A key problem for clinicians is that most of the nerve cells in the pars compacta, the part of the substantia nigra affected by Parkinson’s, have been destroyed by the time there are visible symptoms in a patient. That means that all that can be done is try to slow the disease’s progression.

“If you can have earlier markers, patients could be identified sooner, before the damage is done in the brain. It will allow interventional treatment before the damage happens and slow the progression,” said Dr Taylor.

Earlier detection could also encourage pharmaceutical firms to focus on developing drugs to combat the disease. The absence of proper diagnostic tools and biomarkers is thought to have discouraged such firms from investing in efforts to find a cure.

“Having these markers available can help with clinical trials to measure how effective a drug is in treating the disease. Does it slow the disease? Does it cure the disease? This is where these items will have a real­ benefit,” says Dr Taylor.

The antibodies developed by the scientists led by Dr El Agnaf, who has since moved to Hamid bin Khalifa University in Qatar, are “conformation-specific monoclonal antibodies”, because they specifically detect the abnormal form of alpha-synuclein associated with Parkinson’s.

It is thought that, when a person has Parkinson’s, there are changes in the alpha-synuclein found in their cerebrospinal fluid, a liquid that passes through and around the brain and around the spinal cord.

The hope is that, perhaps with the help of the antibodies, tests of the cerebrospinal fluid could become important in diagnosis.

The antibodies could also help in the development of a variety of other diagnostic tests associated with Parkinson’s.

“We believe there will be a high value to the researchers because of the specificity of the antibodies and the ability to distinguish the aggregated forms of the protein from the native state of the protein,” says Dr Taylor.

Having the antibodies licensed commercially through the new agreement allows large amounts to be produced and then supplied reliably to many labs, she says.

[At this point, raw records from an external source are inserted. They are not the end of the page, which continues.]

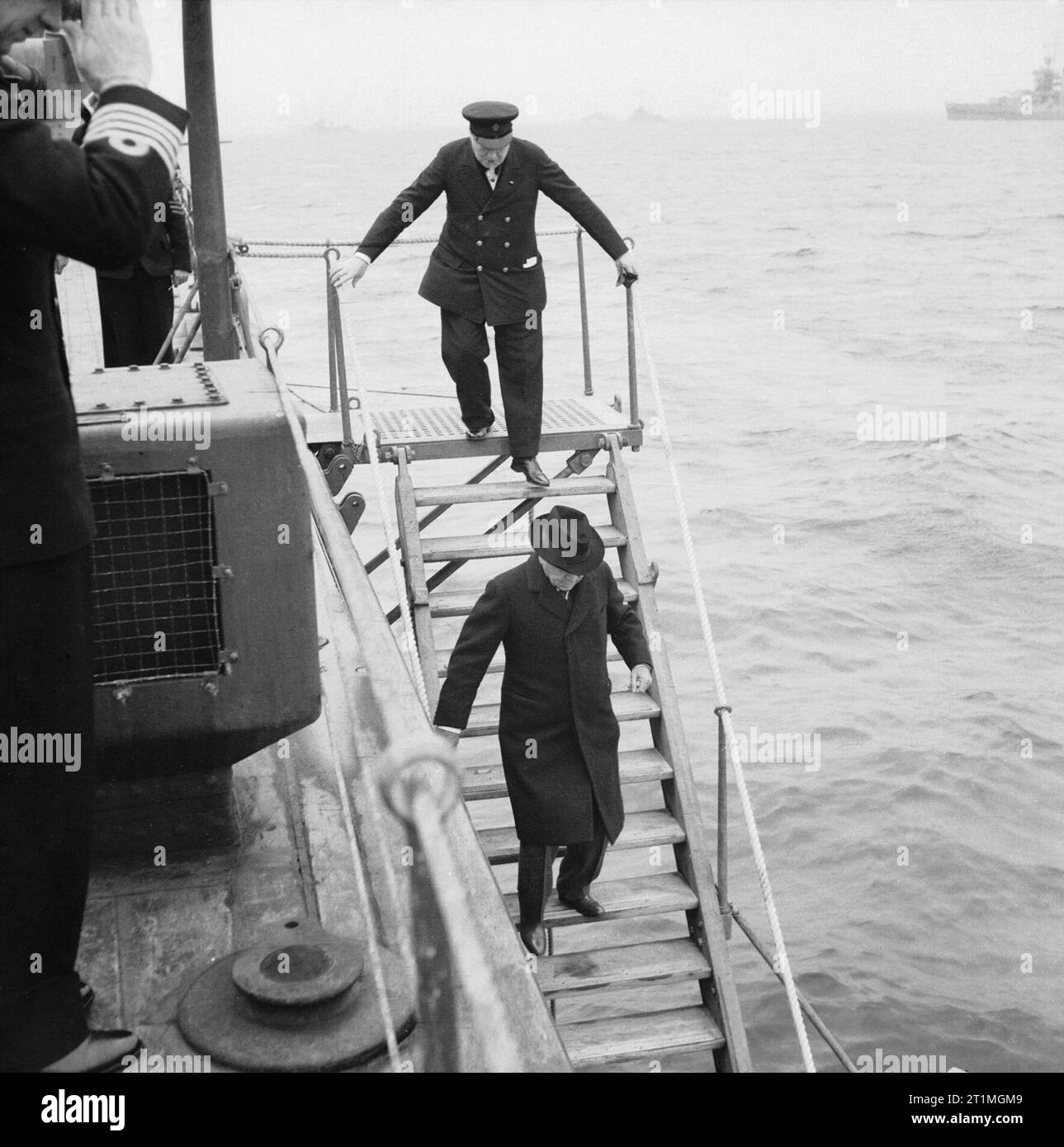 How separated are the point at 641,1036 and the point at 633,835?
1.01 meters

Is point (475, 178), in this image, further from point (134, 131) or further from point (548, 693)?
point (134, 131)

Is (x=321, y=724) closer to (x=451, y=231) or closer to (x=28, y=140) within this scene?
(x=28, y=140)

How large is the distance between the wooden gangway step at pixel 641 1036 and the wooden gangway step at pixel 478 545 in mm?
2528

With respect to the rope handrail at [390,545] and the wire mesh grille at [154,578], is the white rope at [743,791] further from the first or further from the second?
the wire mesh grille at [154,578]

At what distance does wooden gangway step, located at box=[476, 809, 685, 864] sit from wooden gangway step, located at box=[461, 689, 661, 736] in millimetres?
533

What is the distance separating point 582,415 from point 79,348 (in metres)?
3.44

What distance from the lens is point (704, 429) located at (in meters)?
25.6

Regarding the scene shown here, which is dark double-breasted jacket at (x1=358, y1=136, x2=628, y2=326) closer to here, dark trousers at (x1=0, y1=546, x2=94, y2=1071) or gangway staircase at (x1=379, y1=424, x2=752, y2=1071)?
gangway staircase at (x1=379, y1=424, x2=752, y2=1071)

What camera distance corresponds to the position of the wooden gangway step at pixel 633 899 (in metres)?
7.48

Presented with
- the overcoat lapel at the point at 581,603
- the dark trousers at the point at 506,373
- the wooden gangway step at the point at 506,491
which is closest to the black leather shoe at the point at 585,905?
the overcoat lapel at the point at 581,603

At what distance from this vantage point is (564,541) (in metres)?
6.34

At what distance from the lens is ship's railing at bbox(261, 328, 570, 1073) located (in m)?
1.44

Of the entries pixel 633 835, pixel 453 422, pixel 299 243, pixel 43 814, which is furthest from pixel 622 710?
pixel 43 814
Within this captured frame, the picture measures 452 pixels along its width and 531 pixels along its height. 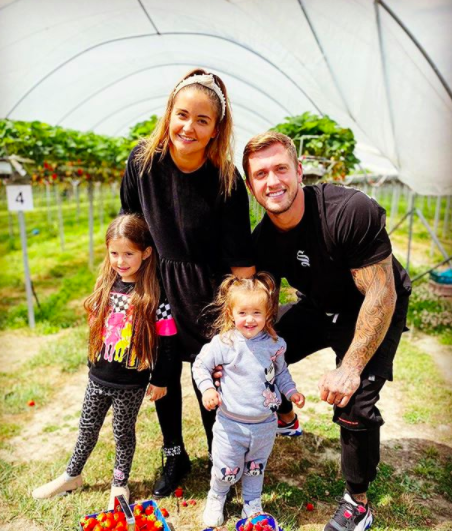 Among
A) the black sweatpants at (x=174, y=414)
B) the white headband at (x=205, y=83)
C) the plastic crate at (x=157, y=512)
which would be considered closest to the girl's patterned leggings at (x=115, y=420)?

In this way, a tie-up between the academic world and industry could speed up research.

With licensing agreements, the university can focus on research.

BioLegend will make the four antibodies available commercially − it already has thousands of others in its catalogue − and they could be used, said Dr Taylor, for “multiple research applications”.

The announcement by UAEU that it has signed the licensing agreement with BioLegend comes at an exciting time for research into Parkinson’s.

There are media reports of research findings, such as some recently announced by Leicester University, in the UK, involving fruit flies genetically engineered to develop the disease.

This work has overturned received wisdom by indicating the condition is caused by a fault in the endoplasmic reticulum, a tubular network in cells involved in producing proteins and lipids, and not mitochondria, which generate energy.

The scientists were able to use chemical methods to prevent neurodegeneration, a finding that could ultimately have application in people.

“Parkinson’s disease, in particular, is gaining in resources that are being applied to try to develop new therapeutics and new biomarkers,” says Dr Taylor.

So we can hope that, in the long term, patients may have cause for optimism, and the technology developed at UAEU could play its part in combating this most debilitating of conditions.